● DATASET ENTRIES:
----------------
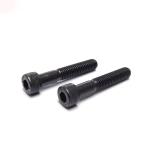DIN912 Din7991 Hexagon Socket Bolt Black Oxide Allen Key Screw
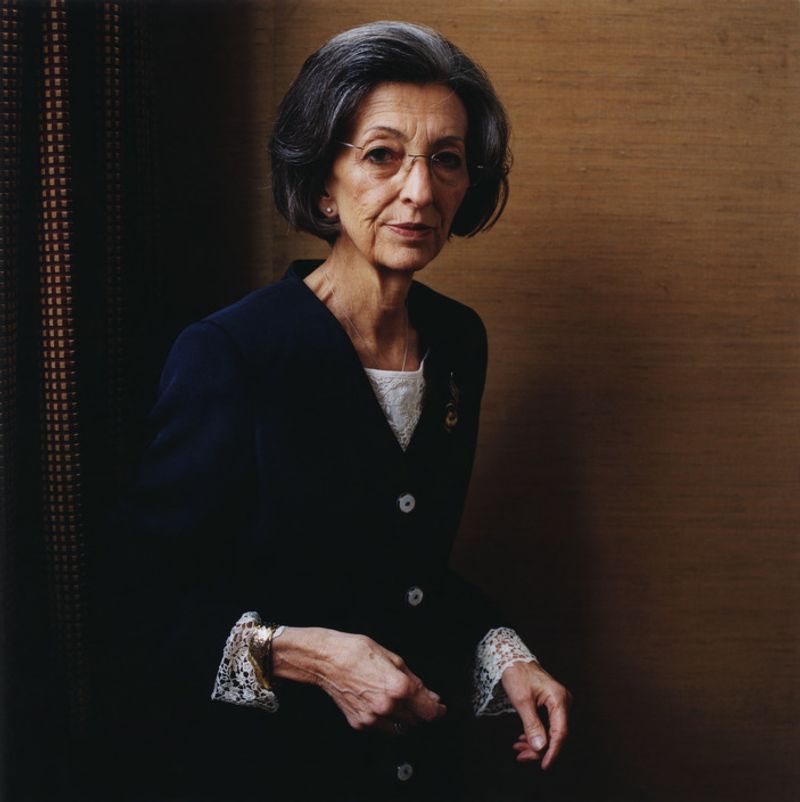 © Lydia Goldblatt - Image from the Still Here photography project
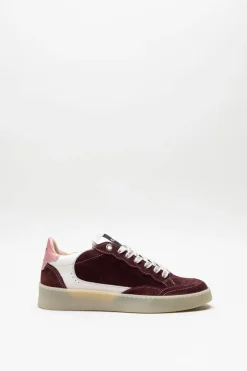 Kirruna - Bordeaux Sneaker
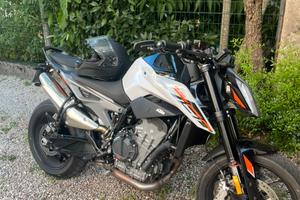 Ktm 790 duke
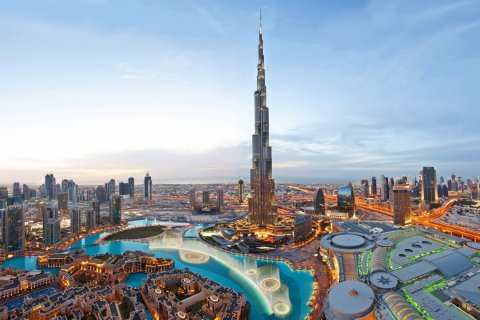 阿联酋 Dubai 待售 : 2 卧, 124 平方米 , 编号582257 - 照片 3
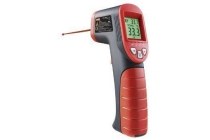 powerfix infrarood temperatuurmeter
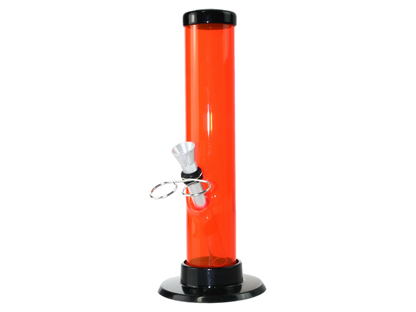 8" Slim Straight (MR-8)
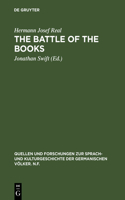 The battle of the books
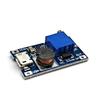 5V 1A Micro USB 18650 Type-c Lithium Battery Charging Board Charger Module+Protection Dual Functions TP4056 18650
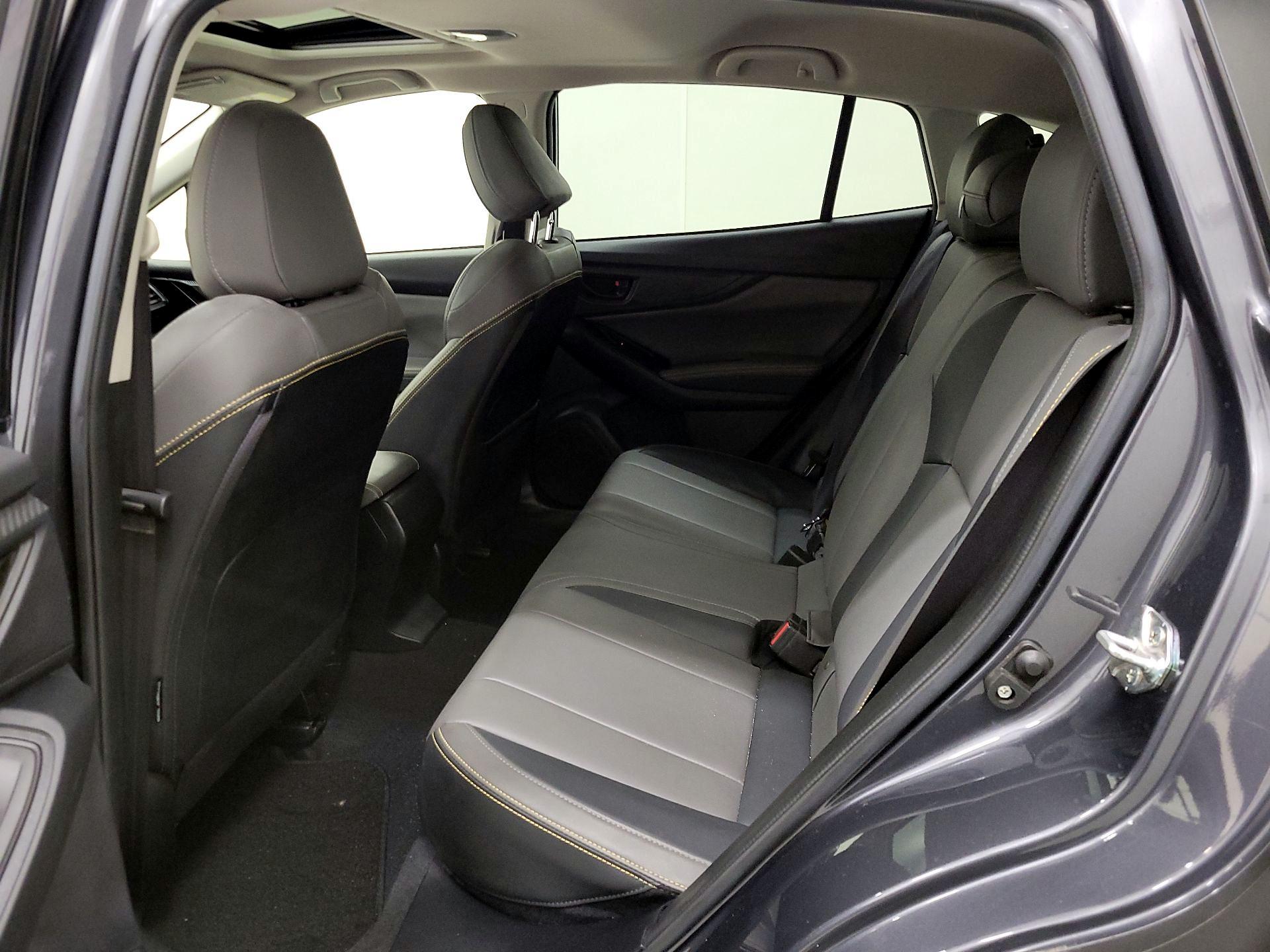 Thumbnail: 2023 Subaru Crosstrek - 20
----------------
● TASK GOAL: Skip the images and restate each record above word for word.

● EXPECTED ANSWER:
DIN912 Din7991 Hexagon Socket Bolt Black Oxide Allen Key Screw
 © Lydia Goldblatt - Image from the Still Here photography project
 Kirruna - Bordeaux Sneaker
 Ktm 790 duke
 阿联酋 Dubai 待售 : 2 卧, 124 平方米 , 编号582257 - 照片 3
 powerfix infrarood temperatuurmeter
 8" Slim Straight (MR-8)
 The battle of the books
 5V 1A Micro USB 18650 Type-c Lithium Battery Charging Board Charger Module+Protection Dual Functions TP4056 18650
 Thumbnail: 2023 Subaru Crosstrek - 20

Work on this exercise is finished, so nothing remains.